---- INFORMATION PROVIDED

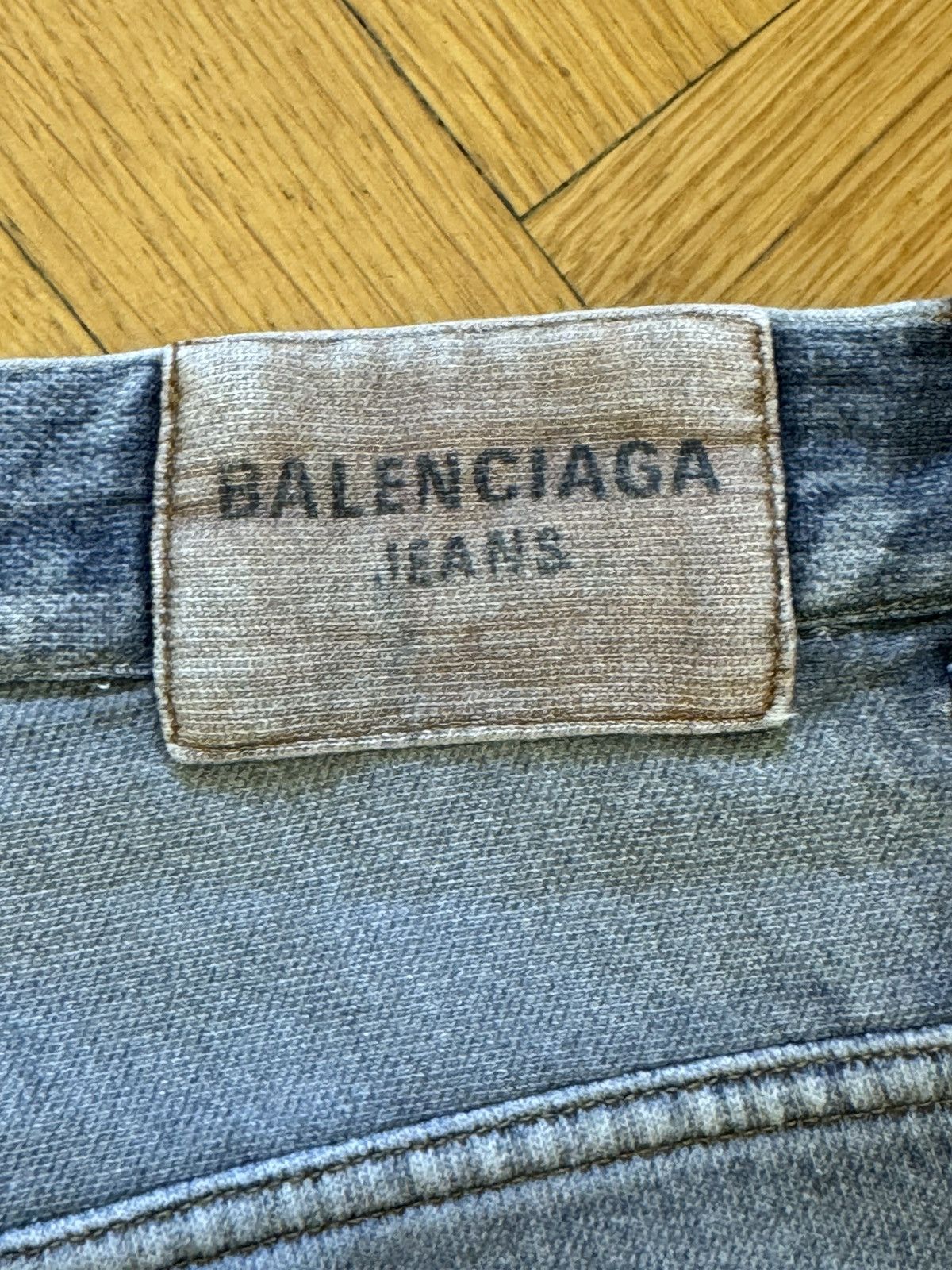 Balenciaga BALENCIAGA denim print on joggers PRE FALL 2021 Size US 40 / EU 56 - 10 Thumbnail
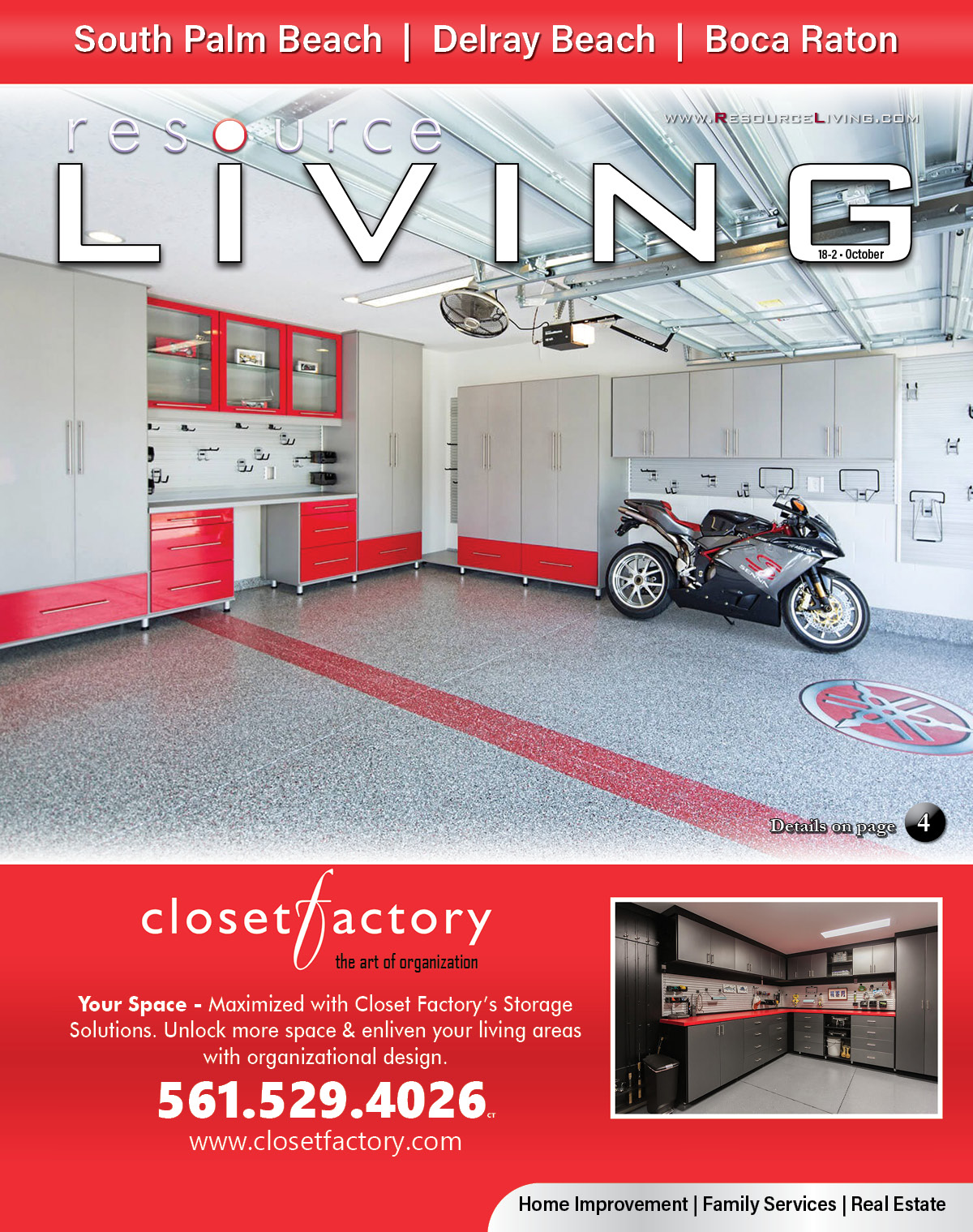 PB1 South Palm Beach County Magazine Cover Closet Factory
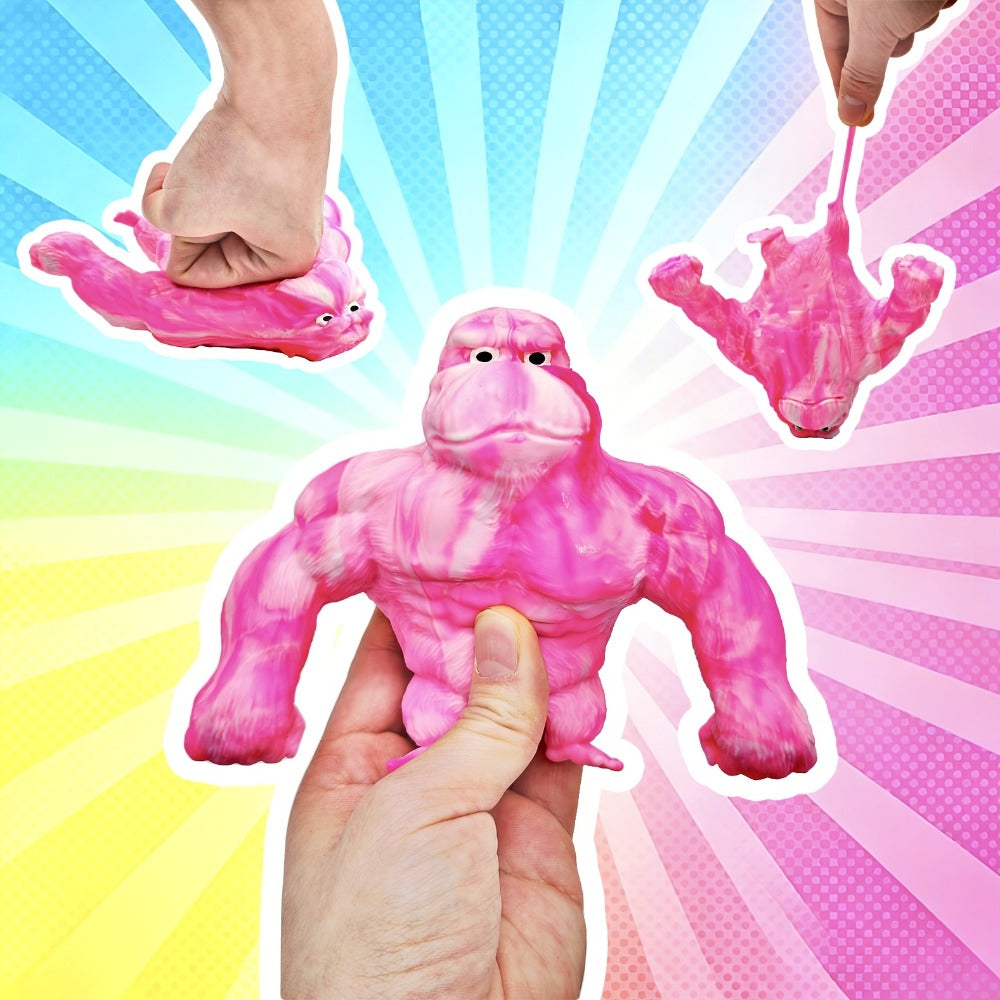 Stretchy Gorilla Fidget Toy Squishy Squeeze Monkey, PVA Sponge Sensory Stress Toy for Kids & Adults — image 11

--------

## EXERCISE OBJECTIVE
The data above must be given back verbatim, minus its images.

## EXERCISE OUTPUT
 Balenciaga BALENCIAGA denim print on joggers PRE FALL 2021 Size US 40 / EU 56 - 10 Thumbnail
 PB1 South Palm Beach County Magazine Cover Closet Factory
 Stretchy Gorilla Fidget Toy Squishy Squeeze Monkey, PVA Sponge Sensory Stress Toy for Kids & Adults — image 11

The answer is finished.